By Mark C. Niles
Among the things I most love about Seattle University School of Law are its diverse faculty and student body and its commitment to equal justice. One of the pillars of that commitment is our life-changing Academic Resource Center and Access Admission Program.
This fall we will celebrate the 25th anniversary of the Academic Resource Center, which exemplifies the law school's mission to educate leaders for justice and our goal of increasing access to and diversity in the legal profession. To provide access for people from populations underrepresented in the legal profession, the program considers an applicant's life experience and promise in addition to traditional admission criteria.
ARC provides the support necessary for their success. This program, one of the few remaining true access programs in the country, is literally changing the face of the legal profession.
ARCies, as graduates of this beloved program call themselves, will no doubt turn out in force for the celebration to reconnect with other alumni and the indefatigable and inspirational ARC founders, professors David Boerner and Paula Lustbader.

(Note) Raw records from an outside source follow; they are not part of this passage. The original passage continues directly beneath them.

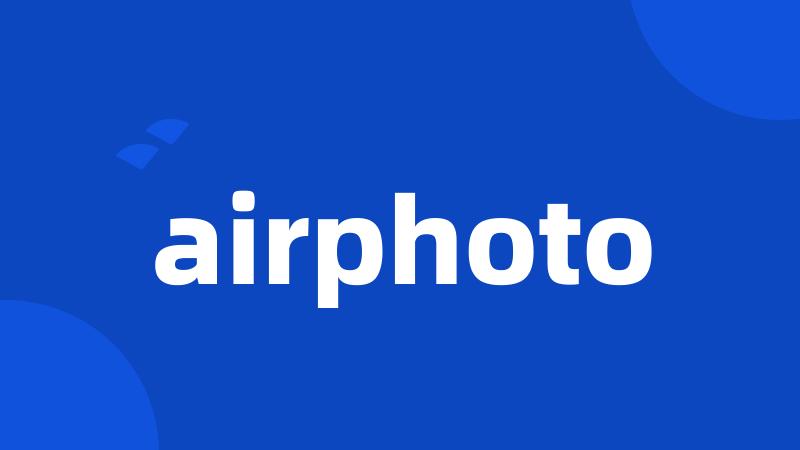 airphoto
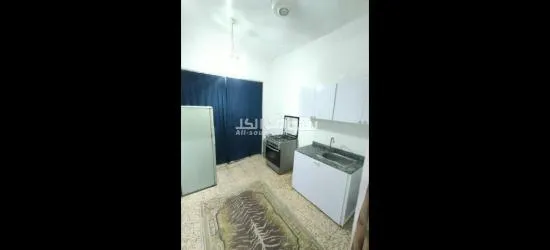استوديو غرفه ومطبخ وحمام مفروش - 6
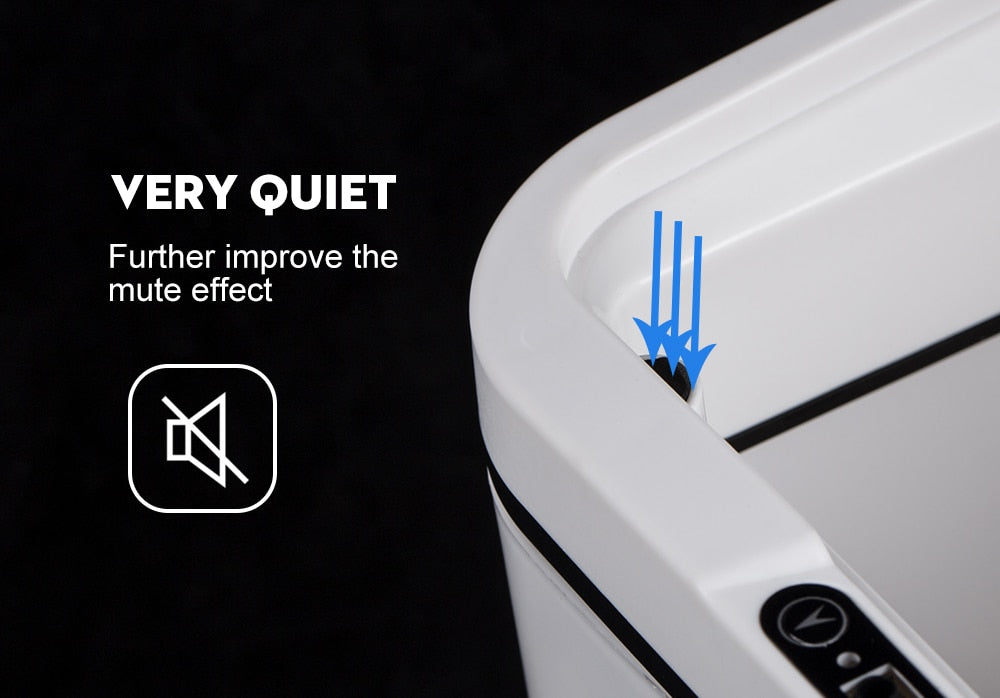 Touchless Motion Sensor Trash Can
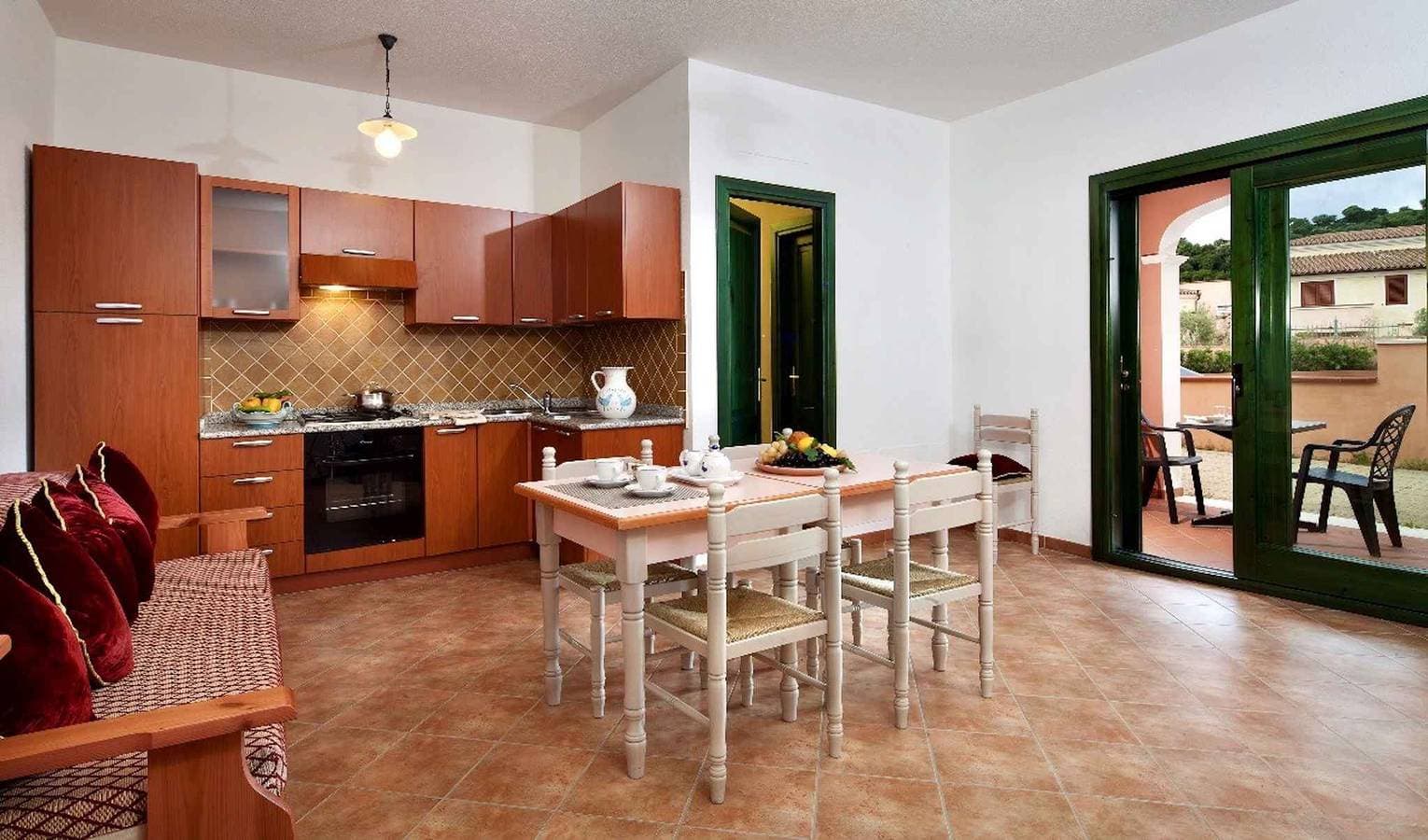 Foto 9 von 24: Ferienwohnung Zwei Zimmerwohnung mit Klimaanlage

But the anniversary is not a celebration just for the ARCies. It is a cause for all of us to recognize the law school's uninterrupted commitment to access and diversity in the legal profession through the ARC Access Admissions Program and its early-entry predecessor, and to honor the more than 700 alumni who have enhanced the profession with their service.
To mark this occasion, the law school is inviting the greater legal community to a reception featuring prominent members of the legal community at 5:30 p.m. Friday, Sept. 9. It will be my great honor to welcome members of the King County Bar Association to the law school for our celebration. We know many of you have benefited from the experience of these exceptional graduates in your firms, agencies and organizations.
Given access to legal education, ARC alums enrich the law school and the profession. Although they comprise only 10% of the student population, ARC students are disproportionately overrepresented as faculty scholars, Student Bar Association presidents and graduation speakers. They go on to be leaders in the legal profession, bar associations and their communities. They continue to serve the law school long after they graduate.